Today’s program is a portrayal in story and song of a far-away place, an island in the cold North Atlantic, molding centuries-old traditions with modern commerce and ways. It’s a gather-round time to learn of Newfoundland’s people and place, over time and now, presented by Tony Oxford, a sixth generation Newfoundlander, fisherman, teacher and former mayor, guitarist and story-teller.
Newfoundland: an almost mythical place in earlier years, now a living laboratory for understanding plate tectonics, recently a refuge for getting through the immediate horror of 9-11. Questions tumble out, like:
- If fishing is gone? Are Atlantic coast-line villages prospering, keeping their quality?
- Is plate tectonics real? How do we know?
- How do we explain the extraordinary response on 9-11 when Gander’s 10,000 residents coped so fully, so quickly, when 38 planes carrying 6800 passengers and crew abruptly landed at its airport . . . and stayed for several days?

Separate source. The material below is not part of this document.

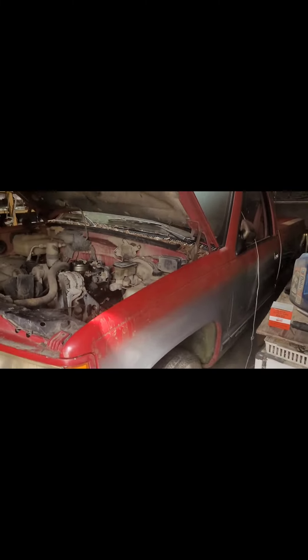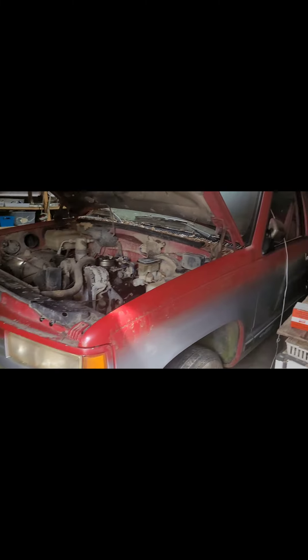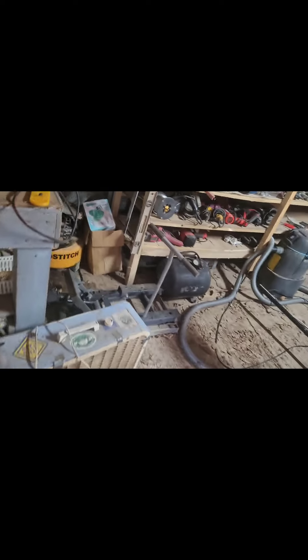Hey guys, this is Blackout Dakota. Today we're going to be changing the oil for the first time in 22 years on this 1989 Chevrolet C1500. This truck's been sitting since 2001, so this will be the first time the oil has been changed since before 2001.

Tony Oxford, an expert guide for Road Scholar adventures, uses story, song, and his ever-present guitar to present his home region, past and present. The “national ditty” of Newfoundland says it well:
“The sea, oh the sea, the wonderful sea
Thank God we’re surrounded by water . . .”
Newfoundland was the first European landfall in North America, by Norsemen 1000 years ago. Ironically, the land first discovered was the last incorporated into Canada, along with Labrador, its northern cousin. We walk the same lands today. Sea and land fit comfortably together. Towns and villages cling energetically to rocky shores, the island center largely desolate. Modern cities and towns flourish. Newfoundland culture thrives. Beloved shoreline communities prosper, looking to people, not fish, for sustenance.
Tony Oxford knows well the stories of his land and people, as we’ll find in his story-telling, music-strumming fashion.